Reputation: 63
I am trying to access player data from a scrape of the OHL stats page. the code below gives me everything I need,
url = 'https://ontariohockeyleague.com/stats/players/68'
r = requests.get(url)
soup = BeautifulSoup(r.text, 'lxml')
statviewtype_url = "http://lscluster.hockeytech.com/feed/?feed=modulekit&view=statviewtype&type=topscorers&key=%s&fmt=json&client_code=ohl&lang=en&league_code=&season_id=68&first=0&limit=100&sort=active&stat=all&order_direction="
key = soup.find('div', id='stats')['data-feed_key']
r = requests.get(statviewtype_url % key)
statviewtype_data = json.loads(r.text)
d = json.loads(r.text)
df = pd.DataFrame(d)
print(df)
output:
Copyright {'required_copyright': 'Official statistics pr...
Parameters {'feed': 'modulekit', 'view': 'statviewtype', ...
Statviewtype [{'player_id': '7889', 'shortname': 'M. Rossi'...
What I want is the Statviewtype dictionary (? I assume thats what it is). But when i try to access it with something like print(df['Statviewtype'])
i get errors. Am i mixing up datatypes? Am I over-simplifying this?
Upvotes: 0
Views: 30
Reputation: 1305
Your dataframe has 3 indexes ['Copyright', 'Parameters', 'Statviewtype']

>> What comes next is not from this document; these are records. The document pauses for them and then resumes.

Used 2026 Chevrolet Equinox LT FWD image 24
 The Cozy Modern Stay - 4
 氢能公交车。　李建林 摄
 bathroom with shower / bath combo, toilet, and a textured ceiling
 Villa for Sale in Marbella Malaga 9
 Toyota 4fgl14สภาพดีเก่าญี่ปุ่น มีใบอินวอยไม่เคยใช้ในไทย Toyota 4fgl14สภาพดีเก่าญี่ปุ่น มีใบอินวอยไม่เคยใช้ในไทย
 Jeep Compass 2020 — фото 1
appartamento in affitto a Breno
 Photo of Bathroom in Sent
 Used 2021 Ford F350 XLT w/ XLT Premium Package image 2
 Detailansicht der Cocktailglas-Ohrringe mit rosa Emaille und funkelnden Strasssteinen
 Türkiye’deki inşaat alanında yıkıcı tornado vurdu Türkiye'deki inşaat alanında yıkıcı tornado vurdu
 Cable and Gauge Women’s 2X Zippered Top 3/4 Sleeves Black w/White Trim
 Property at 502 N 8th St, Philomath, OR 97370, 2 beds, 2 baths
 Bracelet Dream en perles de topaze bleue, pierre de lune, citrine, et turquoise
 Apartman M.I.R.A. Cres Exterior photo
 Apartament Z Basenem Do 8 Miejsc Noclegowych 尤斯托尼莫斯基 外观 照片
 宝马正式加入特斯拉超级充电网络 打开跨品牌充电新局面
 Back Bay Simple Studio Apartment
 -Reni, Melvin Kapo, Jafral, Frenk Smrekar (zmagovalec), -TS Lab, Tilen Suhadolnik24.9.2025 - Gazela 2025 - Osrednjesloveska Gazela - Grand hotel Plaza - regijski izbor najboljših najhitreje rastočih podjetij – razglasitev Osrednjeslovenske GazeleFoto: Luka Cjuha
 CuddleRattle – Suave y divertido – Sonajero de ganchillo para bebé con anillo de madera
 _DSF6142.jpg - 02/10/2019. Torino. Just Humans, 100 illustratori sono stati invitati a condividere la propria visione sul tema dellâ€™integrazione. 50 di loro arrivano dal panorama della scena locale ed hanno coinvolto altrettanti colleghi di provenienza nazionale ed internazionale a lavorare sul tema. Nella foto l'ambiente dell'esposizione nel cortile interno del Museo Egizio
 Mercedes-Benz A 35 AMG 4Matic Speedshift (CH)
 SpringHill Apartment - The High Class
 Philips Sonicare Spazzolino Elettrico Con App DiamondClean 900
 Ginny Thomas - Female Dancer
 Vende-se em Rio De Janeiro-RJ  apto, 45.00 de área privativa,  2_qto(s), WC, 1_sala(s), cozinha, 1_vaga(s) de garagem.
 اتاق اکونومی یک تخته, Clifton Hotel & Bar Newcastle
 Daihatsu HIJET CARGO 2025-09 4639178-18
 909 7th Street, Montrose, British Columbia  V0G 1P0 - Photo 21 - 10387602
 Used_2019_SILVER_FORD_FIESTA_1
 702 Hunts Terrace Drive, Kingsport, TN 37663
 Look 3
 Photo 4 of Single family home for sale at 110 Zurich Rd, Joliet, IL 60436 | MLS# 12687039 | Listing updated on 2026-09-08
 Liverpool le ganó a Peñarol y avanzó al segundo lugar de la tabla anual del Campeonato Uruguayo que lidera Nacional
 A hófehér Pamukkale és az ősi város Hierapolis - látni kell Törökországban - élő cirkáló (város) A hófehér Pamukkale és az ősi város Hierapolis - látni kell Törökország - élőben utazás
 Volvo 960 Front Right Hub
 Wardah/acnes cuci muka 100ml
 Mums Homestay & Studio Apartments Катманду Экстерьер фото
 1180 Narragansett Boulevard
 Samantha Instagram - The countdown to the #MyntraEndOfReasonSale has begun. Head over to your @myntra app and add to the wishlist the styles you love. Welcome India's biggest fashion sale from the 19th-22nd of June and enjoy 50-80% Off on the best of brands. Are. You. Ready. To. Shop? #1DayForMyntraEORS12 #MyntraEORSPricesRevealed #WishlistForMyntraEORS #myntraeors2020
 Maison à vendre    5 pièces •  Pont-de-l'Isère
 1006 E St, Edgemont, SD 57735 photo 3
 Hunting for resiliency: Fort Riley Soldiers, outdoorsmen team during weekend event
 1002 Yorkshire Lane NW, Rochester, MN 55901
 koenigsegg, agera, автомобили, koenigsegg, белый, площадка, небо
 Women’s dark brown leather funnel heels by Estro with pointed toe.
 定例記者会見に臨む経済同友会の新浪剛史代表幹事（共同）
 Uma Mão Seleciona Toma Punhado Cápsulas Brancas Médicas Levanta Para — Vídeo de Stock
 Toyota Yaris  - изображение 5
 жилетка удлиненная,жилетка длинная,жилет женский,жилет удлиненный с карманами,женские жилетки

and one column ['SiteKit']
. In order to read Statviewtype you need:
df.loc['Statviewtype', 'SiteKit'][0]
Which specifies index Statviewtype and column SiteKit. Also note the [0]
at the end. That is because the dictionary is inside a list in which the dictionary is the only element. But once that's done, you're good to go:
In []: df.loc['Statviewtype', 'SiteKit'][0].keys()
Out[]: dict_keys(['player_id', 'shortname', 'first_name', ... , 'namelink', 'teamlink', 'photo'])
Upvotes: 1